A este propósito, la revista Études concluía así un artículo en su memoria: “Si la ortodoxia es a veces sinónimo de fascinación por el pasado y la tradición, repliegue en uno mismo y desconfianza en los "hermanos" separados del catolicismo y el protestantismo, Olivier Clément fue, por el contrario, reconocido y estimado en todas las confesiones. A lo largo de su vida, demostró ser un constructor de puentes, un hombre de diálogo entre el mundo creyente y la incredulidad, entre la espiritualidad interior y el mundo exterior, entre la ortodoxia en lo que tiene de más venerable, incluso arcaico, y la modernidad más avanzada”.
Y un lector atento de El rostro interior comenta: “Como el filósofo Emmanuel Lévinas meditó sobre las implicaciones éticas del rostro del Otro desde la Biblia y el Talmud, abriendo así una enorme brecha en el siglo de la muerte de Dios, Olivier Clément, siendo hombre de diálogo, lejos de la idolatría (incluida la de las ideologías), propone una reflexión existencial, poética y teológica, desde el rostro y el icono donde se ve a Dios en los caminos hacia el Espíritu” (Yves Leclair)
De este modo, una fe que enlaza con la tradición viva de los Padres de Oriente, resuena en una de las voces más sensibles y afectadas por la dificultad de creer en nuestro tiempo. Invocar la Resurrección, y con ella la Vida, la Comunión, el Perdón y la Belleza ha sido su modo propio de anunciar la esperanza en tiempos de “inesperanza”.

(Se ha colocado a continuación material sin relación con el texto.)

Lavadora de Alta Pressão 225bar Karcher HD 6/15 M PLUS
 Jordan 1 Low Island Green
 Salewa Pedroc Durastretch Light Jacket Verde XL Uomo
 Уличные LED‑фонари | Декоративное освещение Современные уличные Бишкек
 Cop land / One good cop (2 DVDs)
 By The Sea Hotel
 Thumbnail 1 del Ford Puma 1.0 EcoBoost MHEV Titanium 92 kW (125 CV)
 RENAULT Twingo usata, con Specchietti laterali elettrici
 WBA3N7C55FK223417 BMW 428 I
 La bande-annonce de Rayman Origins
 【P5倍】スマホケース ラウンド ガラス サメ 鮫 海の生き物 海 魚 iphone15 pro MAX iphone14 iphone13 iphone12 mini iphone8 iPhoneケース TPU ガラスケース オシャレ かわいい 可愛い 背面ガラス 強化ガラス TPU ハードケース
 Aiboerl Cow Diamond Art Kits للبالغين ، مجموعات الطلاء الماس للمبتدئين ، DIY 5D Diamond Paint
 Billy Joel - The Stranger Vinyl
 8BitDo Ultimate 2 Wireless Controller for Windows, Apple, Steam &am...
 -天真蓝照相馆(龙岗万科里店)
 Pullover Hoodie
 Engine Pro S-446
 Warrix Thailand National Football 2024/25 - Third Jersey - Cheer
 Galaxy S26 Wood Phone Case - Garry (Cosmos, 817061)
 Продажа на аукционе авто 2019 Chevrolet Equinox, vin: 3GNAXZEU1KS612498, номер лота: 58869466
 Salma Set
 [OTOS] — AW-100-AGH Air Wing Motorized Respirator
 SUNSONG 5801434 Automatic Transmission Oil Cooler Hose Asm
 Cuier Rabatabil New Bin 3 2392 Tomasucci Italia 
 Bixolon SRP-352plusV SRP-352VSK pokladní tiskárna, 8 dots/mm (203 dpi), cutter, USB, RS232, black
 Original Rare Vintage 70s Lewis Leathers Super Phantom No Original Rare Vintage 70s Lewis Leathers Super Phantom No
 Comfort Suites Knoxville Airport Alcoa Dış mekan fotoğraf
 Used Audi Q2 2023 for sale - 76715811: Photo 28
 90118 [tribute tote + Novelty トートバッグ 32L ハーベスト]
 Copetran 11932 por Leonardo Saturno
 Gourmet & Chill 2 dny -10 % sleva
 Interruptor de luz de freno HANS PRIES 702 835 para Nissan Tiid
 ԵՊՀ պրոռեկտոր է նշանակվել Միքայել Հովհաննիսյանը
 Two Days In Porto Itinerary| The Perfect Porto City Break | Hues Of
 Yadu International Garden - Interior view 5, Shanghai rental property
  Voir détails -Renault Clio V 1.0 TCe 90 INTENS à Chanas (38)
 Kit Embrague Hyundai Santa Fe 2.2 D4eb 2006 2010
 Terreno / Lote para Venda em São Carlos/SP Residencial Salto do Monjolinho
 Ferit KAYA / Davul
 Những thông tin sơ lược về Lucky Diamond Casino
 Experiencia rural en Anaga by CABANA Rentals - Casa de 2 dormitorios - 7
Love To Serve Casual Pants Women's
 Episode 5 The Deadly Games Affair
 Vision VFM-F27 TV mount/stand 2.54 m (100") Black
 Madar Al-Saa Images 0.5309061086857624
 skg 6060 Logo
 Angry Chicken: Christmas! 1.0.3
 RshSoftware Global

Las reseñas publicadas en las revistas en las que colaboró, y muchas más voces desde distintos ángulos, corroboran ese empeño. Olivier Clément fue, como se ha dicho, ”un hombre pascual”, que entró en las cuestiones candentes y tocó de cerca el dolor en sus mil formas. Todo ello ”bañado en la que gustaba llamar la compasión del Compasivo”.
Quizá porque en su historia personal se conjugan admirablemente el asombro ante “el Misterio con Rostro” al que apunta el arte bizantino y el respeto a la dignidad regia de lo humano, tantas veces humillada, la suya sigue siendo una voz muy oída.